■ WHAT YOU NEED TO DO
Nothing outside the range is to be copied. From the entries below, reproduce exactly the lines starting at the one with "강아지 자일리톨 사람껌 먹으면 당장 동물병원 가세요 강아지" and ending at the one with "Madeira Safari - East", without pictures.

■ AVAILABLE RECORDS
↓↓↓
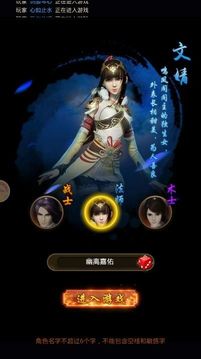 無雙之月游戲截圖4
↑↑↑
↓↓↓
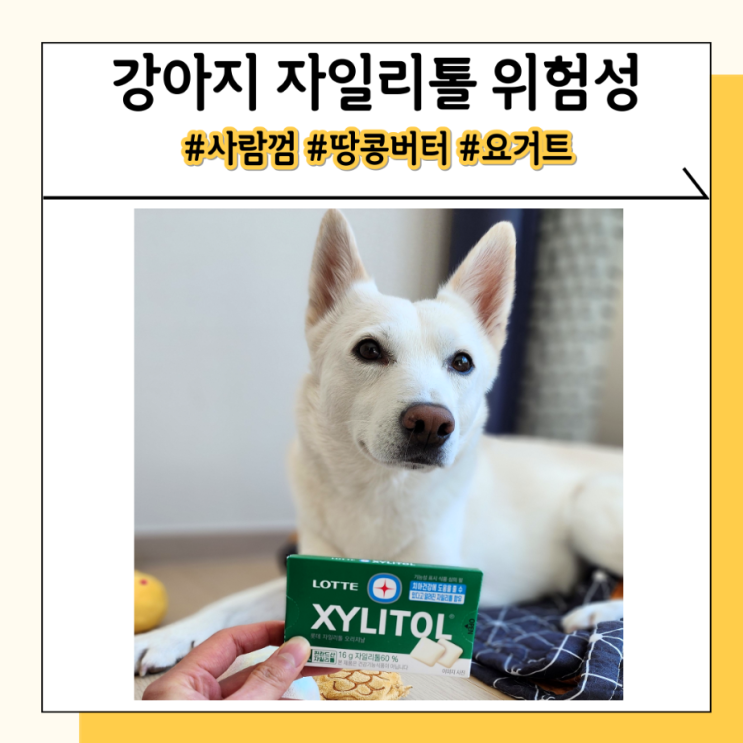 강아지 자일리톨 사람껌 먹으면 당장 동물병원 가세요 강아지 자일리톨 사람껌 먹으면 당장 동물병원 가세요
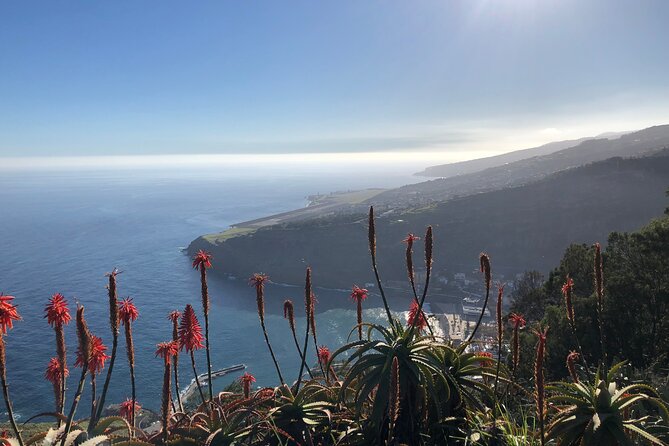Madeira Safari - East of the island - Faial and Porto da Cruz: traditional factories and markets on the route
↑↑↑
■ YOUR SOLUTION
 강아지 자일리톨 사람껌 먹으면 당장 동물병원 가세요 강아지 자일리톨 사람껌 먹으면 당장 동물병원 가세요
Madeira Safari - East of the island - Faial and Porto da Cruz: traditional factories and markets on the route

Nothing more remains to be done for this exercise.